Mas os nove mil reis eram um gasto que a Guarda não queria, ou não podia, suportar; ou por que havia inveja daquele dinheiro, e logo se construiu uma casa, muito à pressa, para servir de posto da Guarda Fiscal. E lá voltámos nós à nossa casa. Por essa altura o meu pai, Francisco, estava emigrado em Buenos Aires na Argentina, onde já tinha ido pela segunda vez. Nós éramos três irmãos: o mais velho, o António, a Maria Augusta e eu.

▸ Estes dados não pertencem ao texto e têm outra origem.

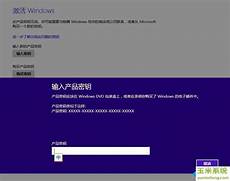 在已经安装了Windows系统（任意版本）的电脑上打开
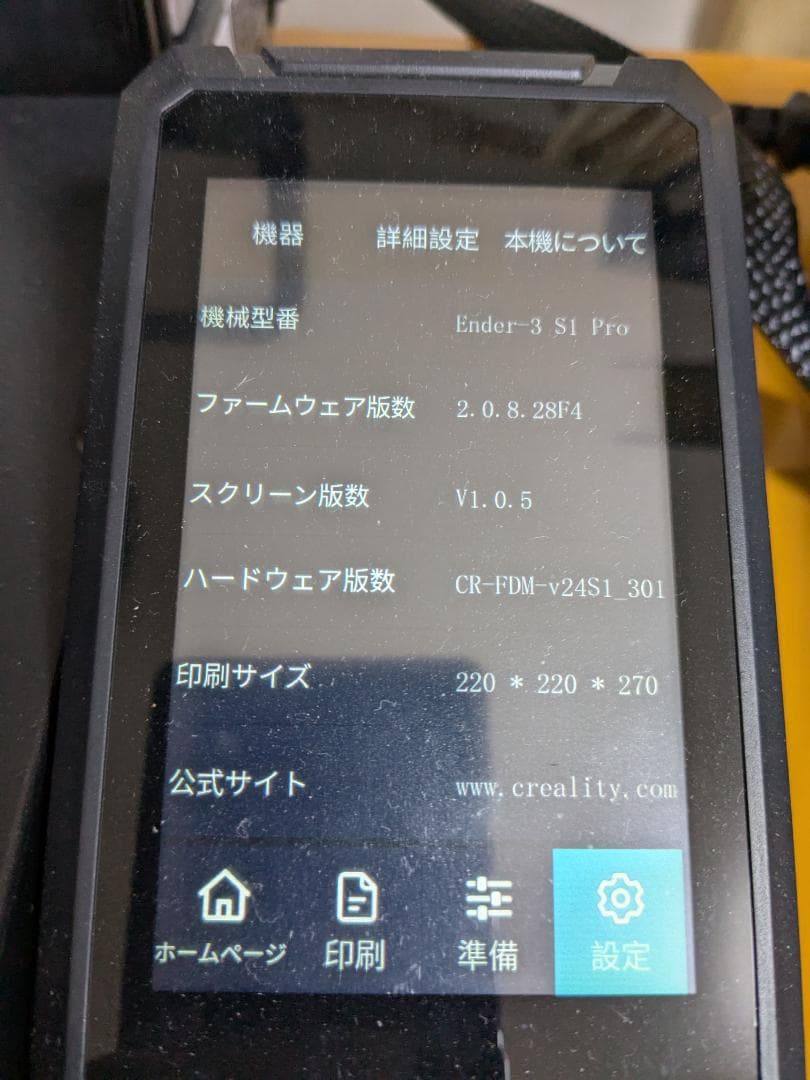 プリンター・複合機 CREALITY Ender-3 S1 Pro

A nossa mãe, recordo-me que trabalhou muito para nos criar; tinha que trabalhar para os outros, para que os outros, em troca, lhe lavrassem as terras. Sachar, mondar, semear tudo isso era com ela. Recordo-me que uma vez me levou para o Malavado, e nos pontões do rio Seco caí para a água, e a minha mãe tirou-me a fatiota e embrulhou-me com o avental. Algumas vezes quando ia trabalhar para o campo, deixava-me com a avó Margarida que ainda conheci, alta e magra.
(Contínua)

José Queirós

2 comentários:

Jorge Carvalheira disse...

A importância destas "descobertas", destes relatos, destas lembranças, destas vidas, destes mundos... é muito maior do que se pode imaginar.
Digo mesmo que delas depende o futuro, pois que sem elas não há futuro nenhum.
Como muito bem se pode ver, olhando à nossa volta.

Anónimo disse...

Estás orgulhoso e tens razão às carradas para isso. E eu retiro daí também um pouco de orgulho por estar no meio de vós e ter integrado o leque dos que disseram sobre a tua mãe. Pena foi que, nesse meu dizer, tivesses cortado metade do texto por não se compaginar com a tua regra anquilosadora da extensão limitada a duas páginas. Não porque pretendesse mais espaço para mim, nada disso; mas porque tal corte – e a havê-lo só podia ser ali, bem entendido – truncou vertentes mestras da personalidade da tua mãe, as quais entendi deverem ser realçadas: a sua visceral intransigência com a malvadez (a expulsão de sua casa dos abjectos malfeitores) e a humildade de saber reconhecer se acaso cometera o erro de julgar sem ponderação (voltar a receber com comoção e o mesmo amor de antes).
Tudo o que agora li, ou reli, está num alto patamar de valor, está fortemente impregnado de cultura sadia; direi mesmo que faz jus à estatura e personalidade da tua mãe e do teu pai. Mas particularizo a impressão forte, muito forte, que me deixaram os depoimentos dos netos, depoimentos que classifico como admiráveis.


Póvoa de Santo Adrião, 30 de Abril de 2010.